A few months ago I shared a few lessons I’ve learned along the way–a few things I’ve learned about preaching since I rather unexpectedly found myself regularly standing in the pulpit. I learned that preaching can be discouraging, that preachers are fragile, that success in preaching is difficult to measure, and that preaching is a joy. Upon further reflection, I want to add a couple of items to my list.
Don’t Romanticize It
Another lesson I’ve learned is that the process of sermon preparation doesn’t live up to the romanticized version you might read about in books or in punchy little quotes. So much of sermon preparation is just plain hard work.

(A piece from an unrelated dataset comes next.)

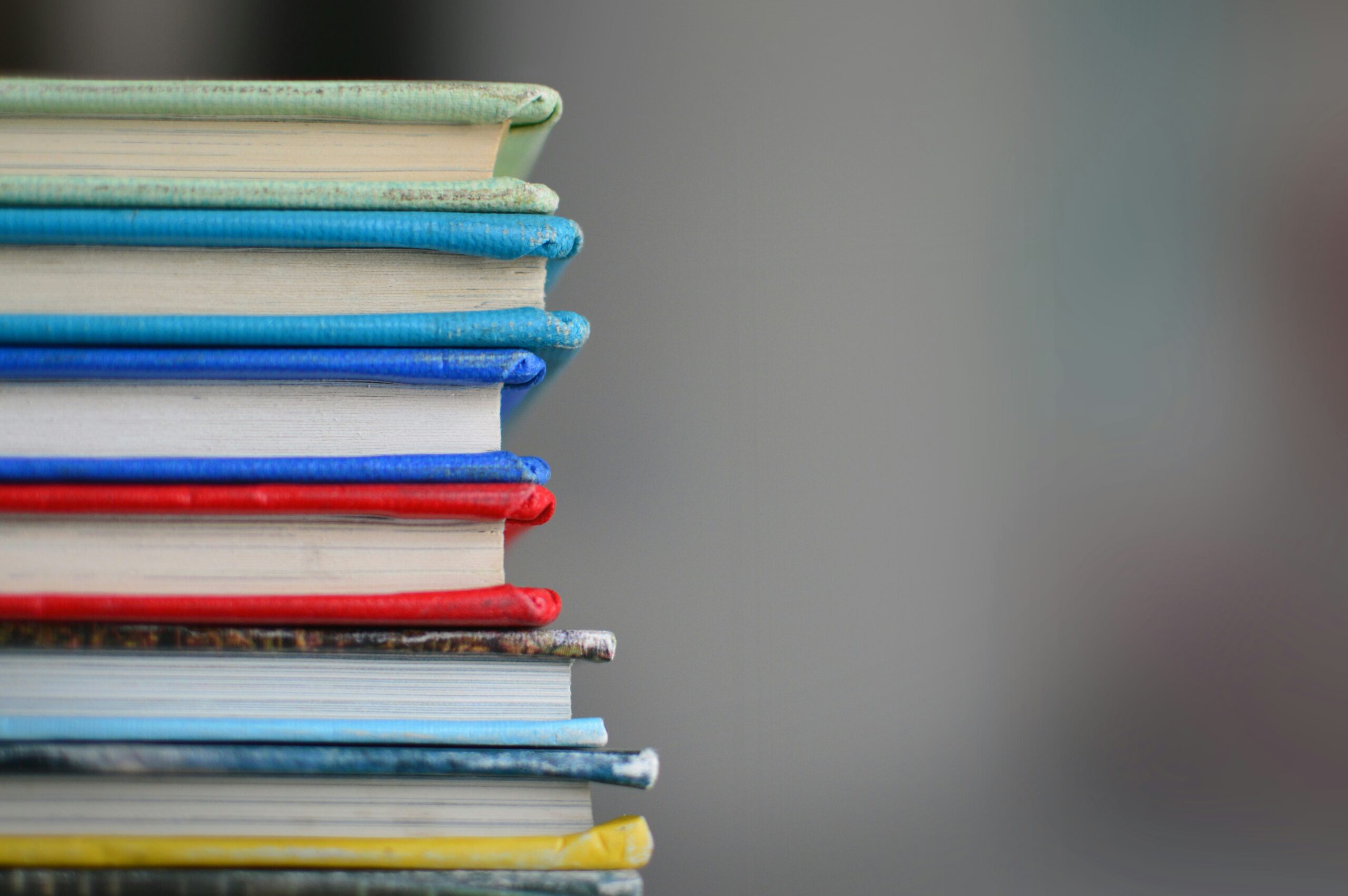 Seven books with colourful covers stacked on top of each other. Image for decorative purposes only.
Photo by Kimberly Farmer on Unsplash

I suppose it is possible that I have been going it all wrong, but I don’t think that’s the case.
I read several books about preaching before I ever preached a sermon. I read hundreds of great quotes about preaching and listened to sermons by some of the best preachers of our generation. I even attended several conferences for preachers and about preaching. Somewhere along the way I got the idea that preparing a sermon would be a blessed time of being carried along by the Holy Spirit as he gave me startling insights into His Word. I would spend hours in prayer, a few minutes reading commentaries, and just allow the Spirit to guide my pen.

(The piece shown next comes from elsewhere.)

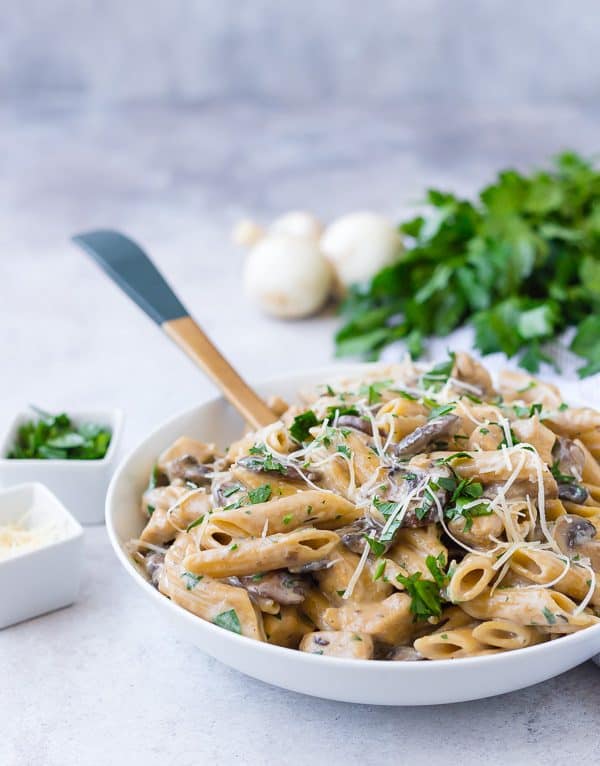 A white bowl filled with whole wheat pasta, mushrooms, and chicken. It is garnished with parsley and cheese.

But it turns out that most of sermon preparation is a tough slog of trying to understand difficult words, of desperately trying to find some kind of a structure in the text and then allowing that structure to inform the sermon. It is a battle of the mind and an all-out spiritual battle. There is prayer, to be sure. The Holy Spirit really does help in very tangible ways. And yet sermon preparation is a long and difficult battle full of metaphorical blood and very genuine sweat and tears. Reading books and listening to sermons didn’t prepare me at all to understand just how difficult it is to take a relatively straightforward passage, to understand it, to structure it, and to have something worthwhile to say about it.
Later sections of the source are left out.